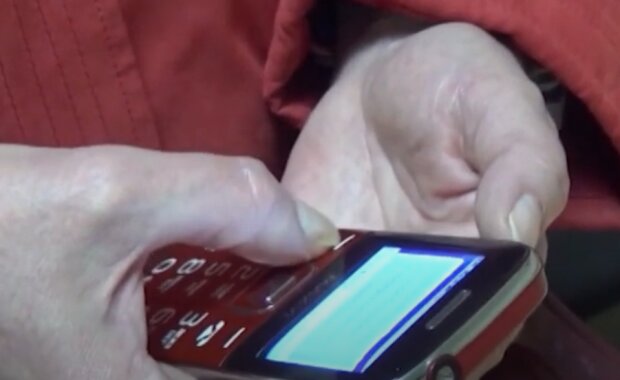 Мошенники по телефону пользуются доверчивостью пенсионеров. Фото: скриншот YouTube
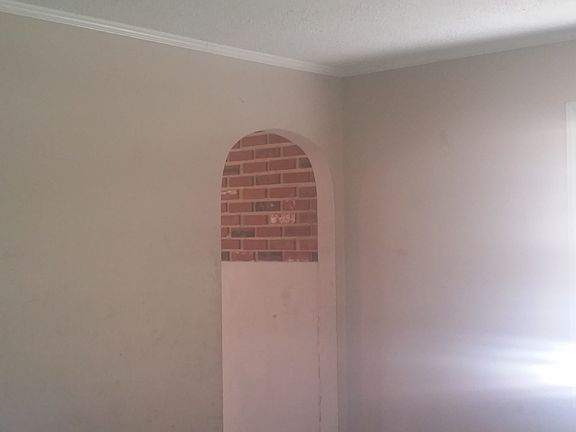 2nd image of 3001 E 73rd St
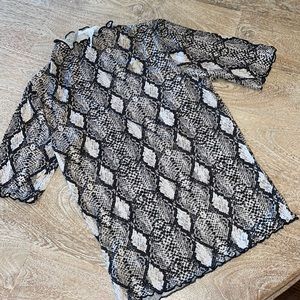 Caution to the Wind Snake Print Fitted Lettuce Hem Tee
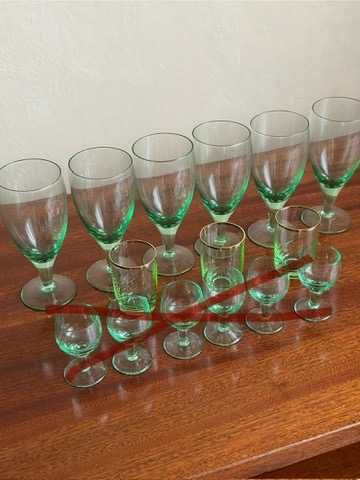 Кольорове зелене скло бокали, рюмки з позолотою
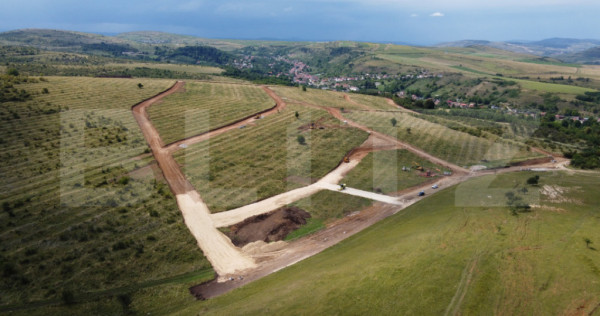 Teren construibil 900 mp &icirc;n ansamblu privat de case, 12km d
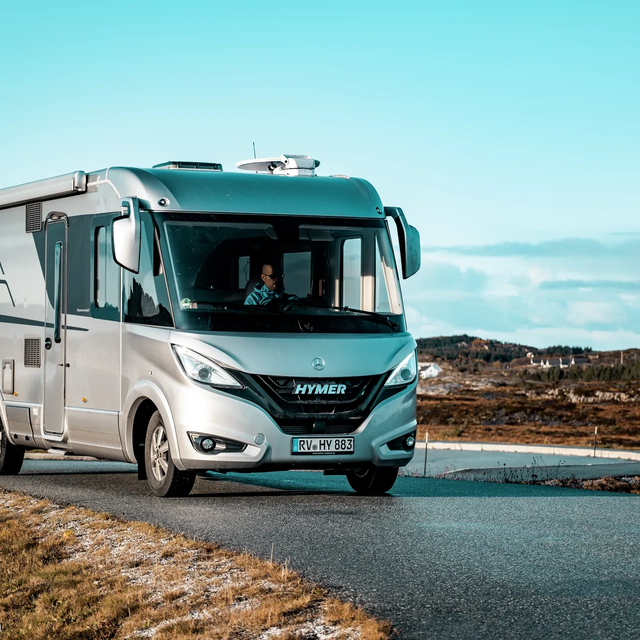 Rijden met de HYMER B-klasse MasterLine I in een Scandinavisch kustlandschap met zee en blauwe lucht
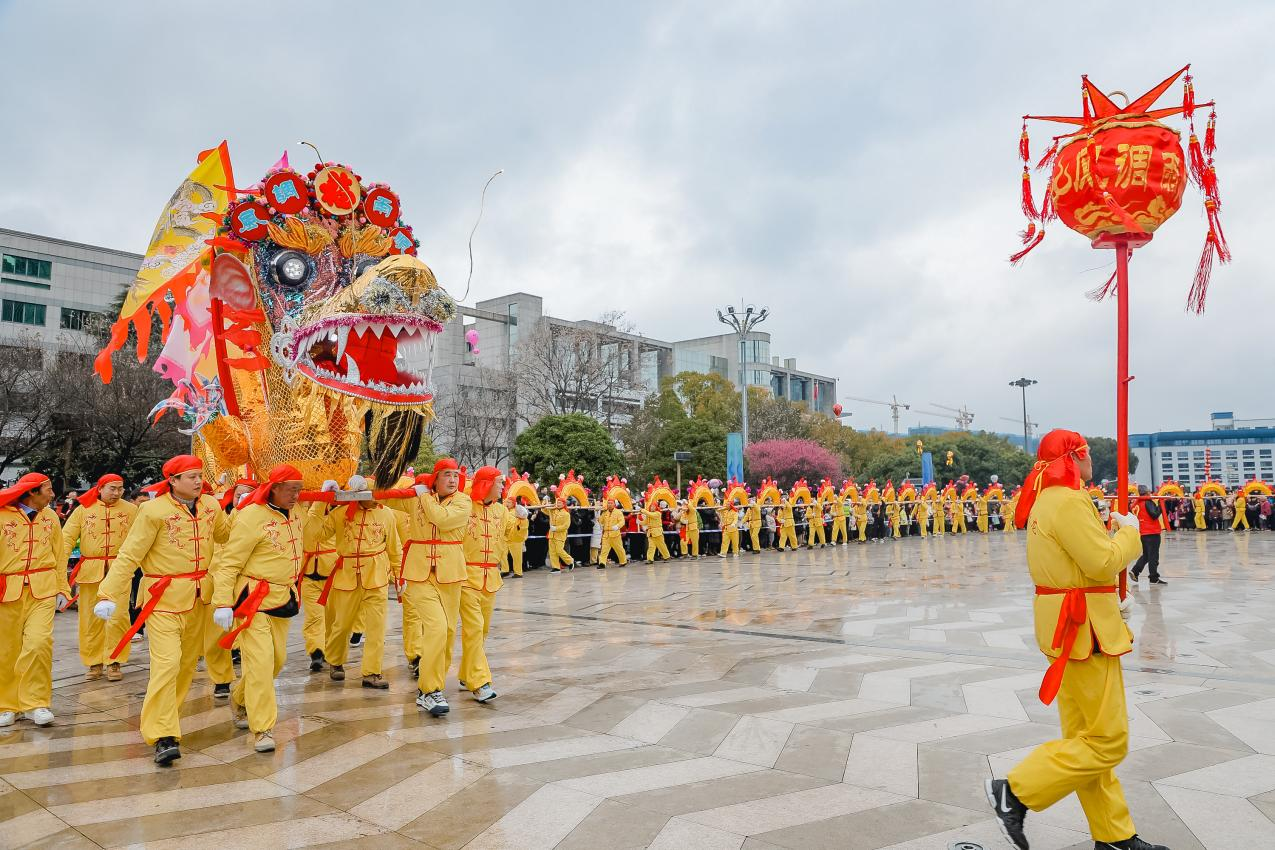 Zhejiang Tonglu: Popular Dragon Dance Brings Vitality of the Year of Dragon_fororder_图片3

● ● ●

Line by line, reproduce the material above exactly, leaving each picture out.

 Мошенники по телефону пользуются доверчивостью пенсионеров. Фото: скриншот YouTube
 2nd image of 3001 E 73rd St
 Caution to the Wind Snake Print Fitted Lettuce Hem Tee
 Кольорове зелене скло бокали, рюмки з позолотою
 Teren construibil 900 mp &icirc;n ansamblu privat de case, 12km d
 Rijden met de HYMER B-klasse MasterLine I in een Scandinavisch kustlandschap met zee en blauwe lucht
 Zhejiang Tonglu: Popular Dragon Dance Brings Vitality of the Year of Dragon_fororder_图片3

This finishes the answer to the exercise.